Guys, you can make one of these devices with even the most basic soldering skills. You probably have the parts (minus the 300K 1/4 watt resistor) at home.

http://droidangel.blogspot.com/2011/05/how-to-make-samsung-galaxy-s-download.html


----------



## Berzerker (Sep 16, 2011)

mAlfunkti0n said:


> http://www.amazon.co...25789808&sr=8-1
> 
> will that one work with the nexus? it got great reviews...


I'm getting that exact one tomorrow and I'll let you all know if it works.


----------



## TheWhiteBandito (Nov 8, 2011)

Berzerker said:


> Or you could just save yourself some work for a few dollars.
> 
> I'm getting that exact one tomorrow and I'll let you all know if it works.


Is your phone completely dead like mine was?
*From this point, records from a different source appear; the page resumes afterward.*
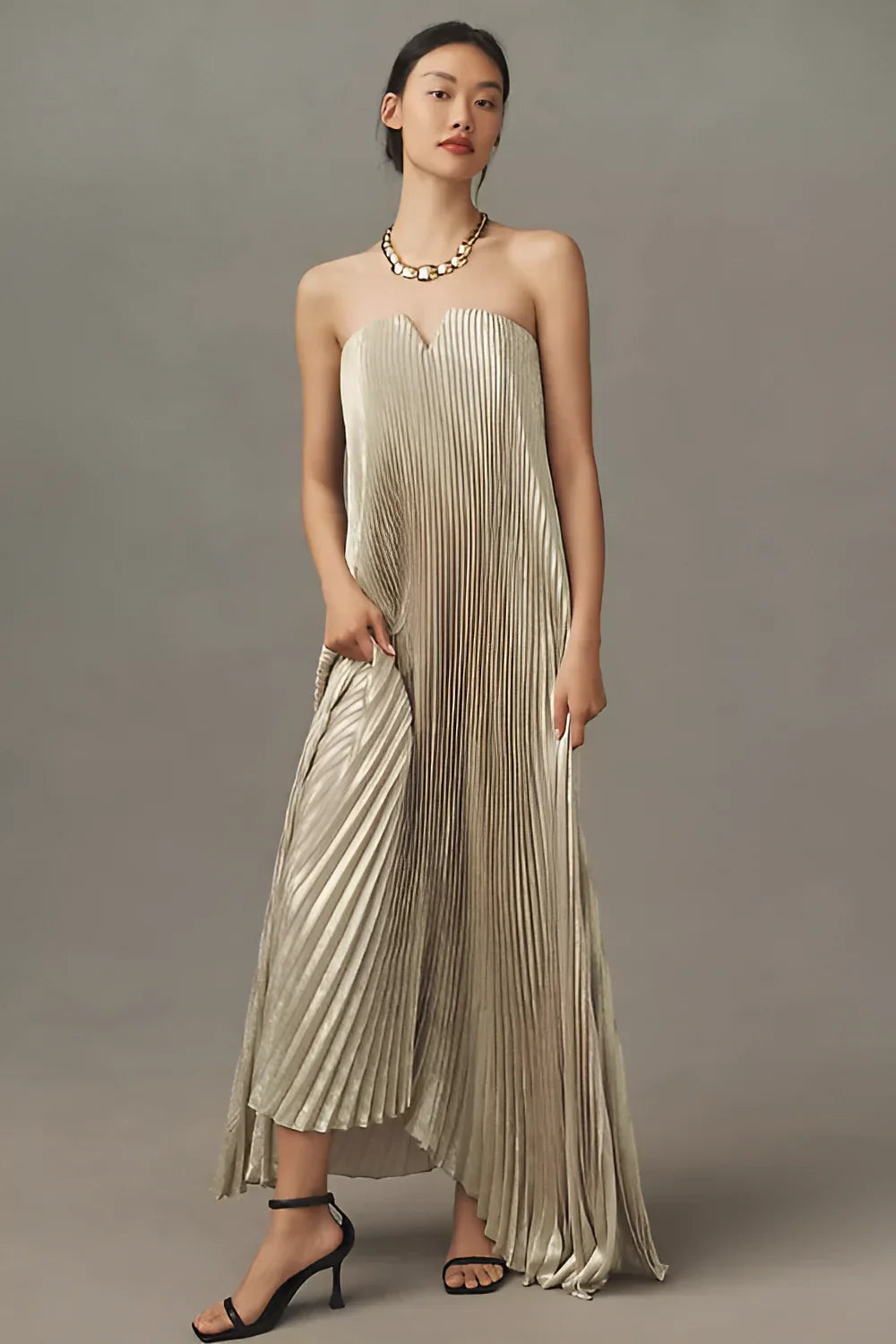 Gold Strapless Evening Dress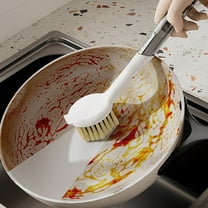 Long Handle Pot and Pan Scrubber with Built-in Scraper | Heavy-Duty Kitchen Brush for Sinks & Non-Stick Cookware | Hangable Design for Easy Storage | White Plastic Dishwashing Brush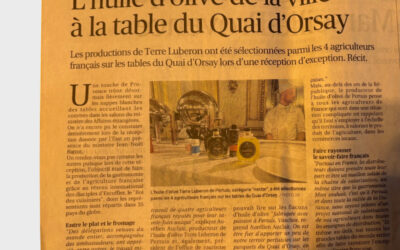 Notre huile d’olive invitée au Quai d’Orsay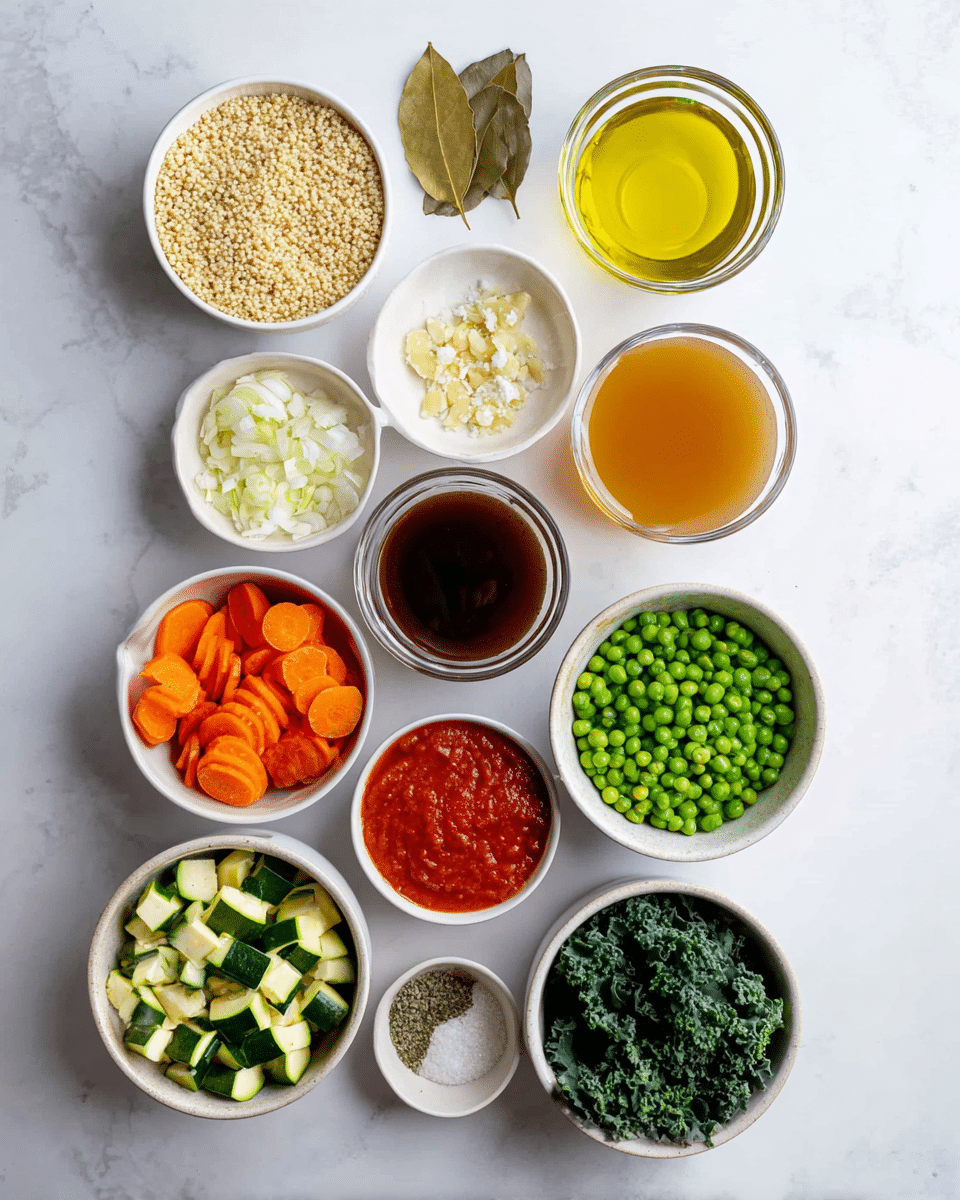 A top-down view shows 12 small white bowls arranged neatly on a white marbled surface. From top to bottom and left to right, the bowls hold cooked quinoa with a beige grain texture, olive oil with a clear yellow liquid, chopped white onions, minced garlic in a small bowl, salt and black pepper mix, two brown bay leaves, diced green zucchini pieces, chopped green asparagus stalks, bright orange carrot slices, frozen green peas, a deep red tomato sauce in a glass measuring cup, a light brown broth in another glass measuring cup, and fresh dark green kale leaves. The colors contrast vividly with the white marbled background, creating a clean and fresh look. Photo taken with an iphone --ar 4:5 --v 7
Or are you just checking to see if the jig puts you into odin mode with a working GNexus?


----------



## UnfedBear67 (Jul 31, 2011)

What is Download Mode im new to Samsung?


----------



## TheWhiteBandito (Nov 8, 2011)

UnfedBear67 said:


> What is Download Mode im new to Samsung?


I'm new as well to Samsung phones, but as far as I know, it's a mode that allows firmware to be flashed. I believe it is a useful way to fix some software-bricked phones or just to return back to complete stock.


----------



## Berzerker (Sep 16, 2011)

TheWhiteBandito said:


> Is your phone completely dead like mine was? Or are you just checking to see if the jig puts you into odin mode with a working GNexus?


No it's not, but I was just going to test it.

The jig works fine, so if you want to get one of those and next time you think you bricked your nexus and you know you have a full battery, plug the jig in and it will take you into download (ODIN) mode. From there you can use ODIN (PC only) to flash firmwares. If the jig doesn't power up the phone, nothing will and they won't know if you're rooted or not, so that's nothing to worry about when sending it for a replacement.


----------



## abqnm (Jul 3, 2011)

For those that are just buying one to have it and don't mind waiting 10 days or so for delivery from China and you don't want to solder one yourself, dx.com - Samsung Jig - $1.60 shipped to the US

Probably cheaper than finding the resistors and soldering it yourself. Just not as quick.

I love that site for all kinds of random cheap stuff that is useful once in a while. Sure you get what you pay for but on the cables they are great and never had any issues.


----------